Lachana kulu

Scientific classification
- Domain: Eukaryota
- Kingdom: Animalia
- Phylum: Arthropoda
- Class: Insecta
- Order: Lepidoptera
- Superfamily: Noctuoidea
- Family: Erebidae
- Genus: Lachana
- Species: L. kulu
- Binomial name: Lachana kulu Trofimova, 2008

= Lachana kulu =

- Authority: Trofimova, 2008

Species of moth

Lachana kulu is a species of moth of the subfamily Lymantriinae from northern India seen once in 1913.

==Taxonomy==
It was described as a new species in 2008 by Tatyana A. Trofimova from a two male specimens collected by Henry John Elwes from the Kullu Valley of northern India in 1913, which had sat undescribed at the Zoological Institute of the Russian Academy of Sciences, St. Petersburg for the past century. The holotype was designated by Trofimova as one of the two specimens.

===Etymology===
The species name is derived from the name of the locality where the types were found.

==Description==
The female has never been seen.

===Similar species===
Trofimova considered it most closely related to Lachana alpherakii, a species with a larger distribution to the east in the mountains of southwestern China. It differs from this species by the generally darker grey wing colouration.

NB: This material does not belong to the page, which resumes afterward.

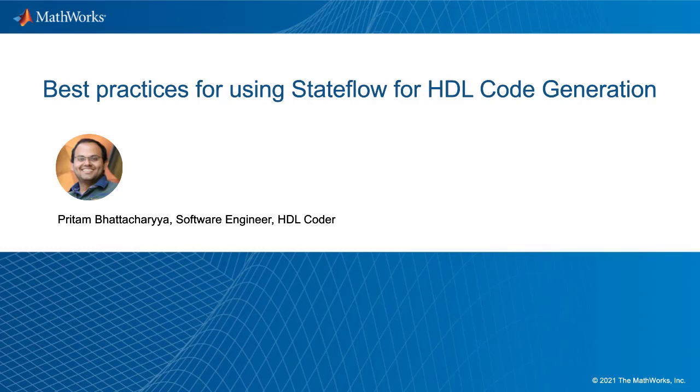Hi, everyone. This video shows how you can generate efficient HDL code from your Stateflow charts.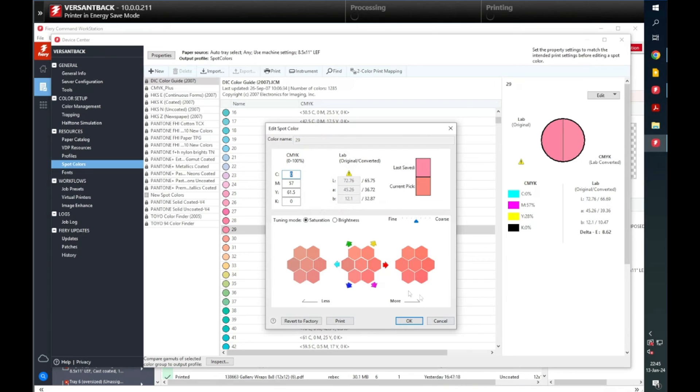You can select the Revert to Factory to change the spot color back to default. Select OK once you are ready to save the changes.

It is the only Lachana with a light-coloured fringe to its wings, and can further be distinguished by morphological details of the valva, a component of the male genitalia.

==Distribution==
It is only known from two specimens collected in the Kullu Valley of the southern Himalayas in northern Himachal Pradesh, India, in 1913, and has never been seen since.

It has the most southwestern distribution of the Lachana species. It is not sympatric with any other Lachana species; the nearest species is L. ladakensis found in the mountains of Ladakh some 400 km due north.

==Ecology==
Absolutely nothing is known about the ecology of this species.